- Born: United States
- Education: University of Michigan (BS); University of California at Berkeley (PhD);
- Known for: Kinase
- Scientific career
- Fields: Biology
- Workplaces: Salk Institute for Biological Studies; Johns Hopkins University;
- Thesis: The complexity of tumor virus RNA (1974)
- Doctoral advisor: Peter Duesberg
- Website: bio.jhu.edu/directory/karen-beemon/

= Karen Beemon =

American molecular biologist

Karen Beemon is an American molecular biologist and professor of biology at Johns Hopkins University known for her research on RNA viruses and viral oncogenesis.

== Career ==
Beemon got her B.S. (with distinction) in 1969 from the University of Michigan, and then her Ph.D. from the University of California at Berkeley, where she worked with Peter Duesberg in collaboration with Peter Vogt.
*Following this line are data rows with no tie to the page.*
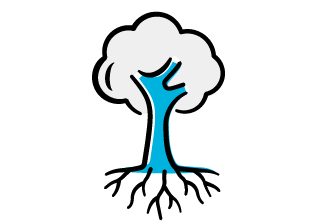 Sustainability icon: tree with roots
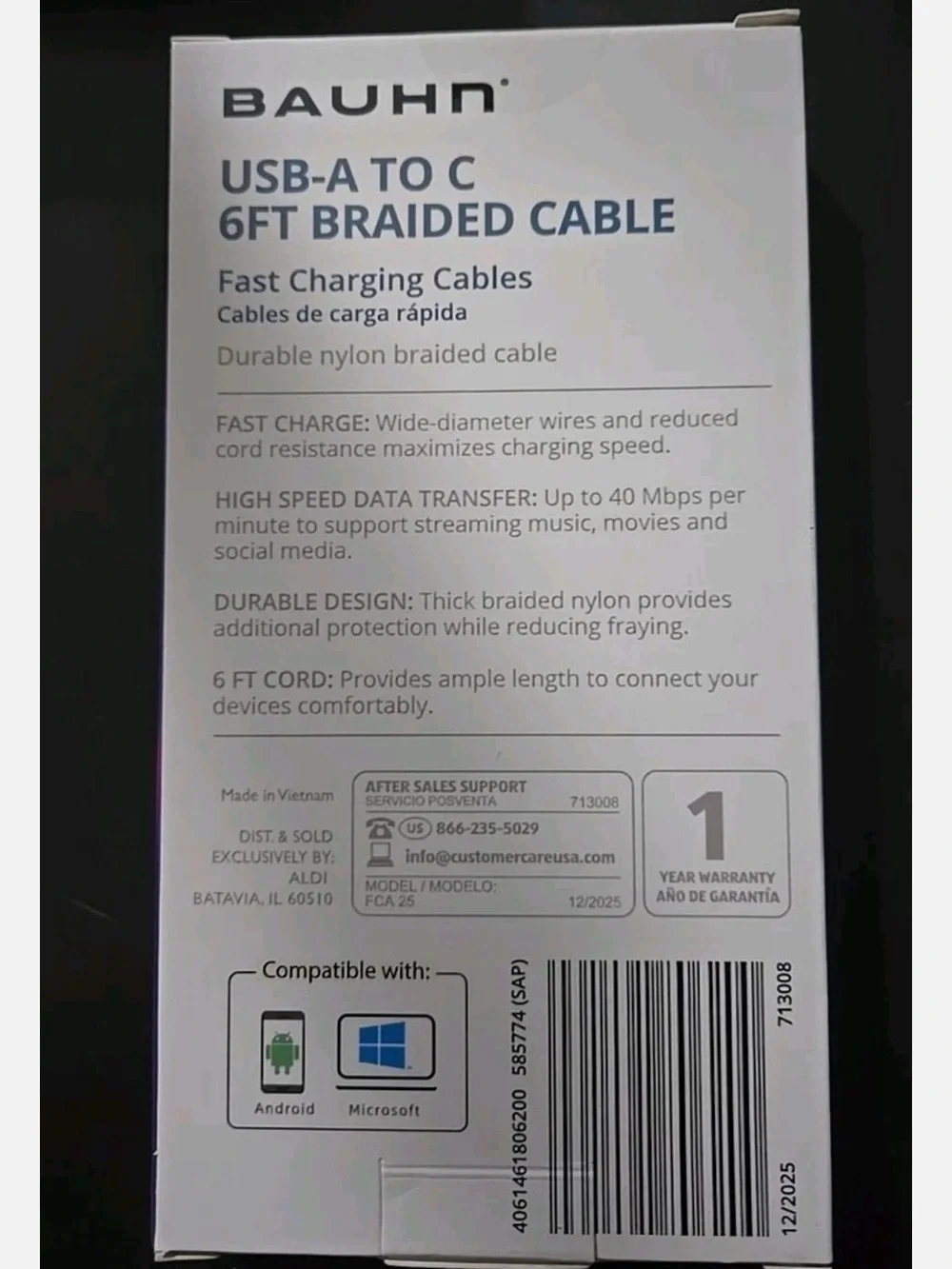 BAUHN 20W Fast Charging Power Adapter & Braided Lightning Cable for Apple Purple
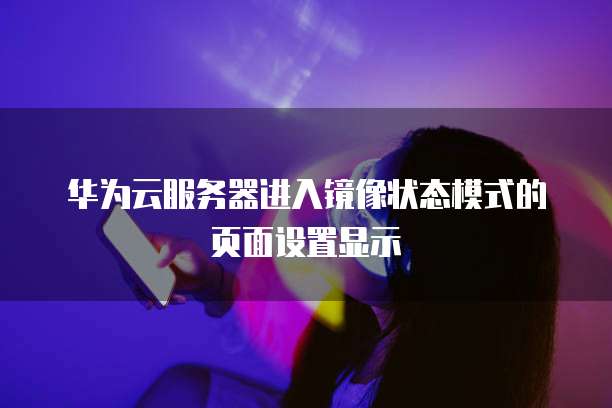 华为云服务器进入镜像状态模式的页面设置显示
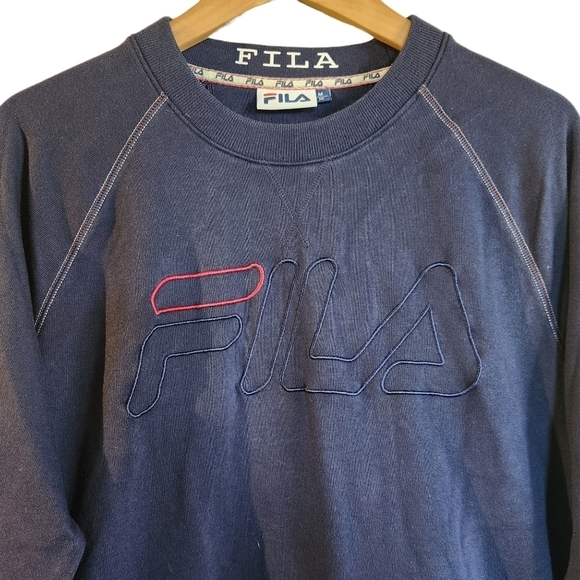 Fila blue long-sleeve pull-on crew-neck  sweater top - Picture 4 of 12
As a graduate student, Beemon determined the size of retroviral genomes which led to the characterization of the Src oncogene of Rous sarcoma virus, the first tyrosine kinase, during her postdoctoral tenure (1978–1979) with Tony Hunter at the Salk Institute for Biological Studies in San Diego. The discovery of tyrosine kinase and its role in oncogenesis had far-reaching impact on the treatment of cancer, as it led to the development and widespread use of protein kinase inhibitors for treating cancer and inflammation.

In 1981, Beemon started her teaching career in the Department of Biology at Johns Hopkins University. Beemon directed the CMDB graduate program from 2003 to 2006. She served as the chair of the Biology Department from 2006 to 2009, being the first woman to chair a science department in the Zanvyl Krieger School of Arts and Sciences. Beemon subsequently chaired the Krieger School Status of Women Committee and served on the Homewood Academic Council. She has been a senior editor of the Journal of Virology since 2007 and has served on several study sections and review boards at the National Institutes of Health.

== Recognition ==
Beemon won the 2007 Retrovirology Prize for her research, which included her discovery of the role of post-transcriptional regulation in viral oncogenesis. She also received a Faculty Research Award from the American Cancer Society and a Fogarty Senior International Fellowship, and she was named a fellow of the American Academy of Microbiology.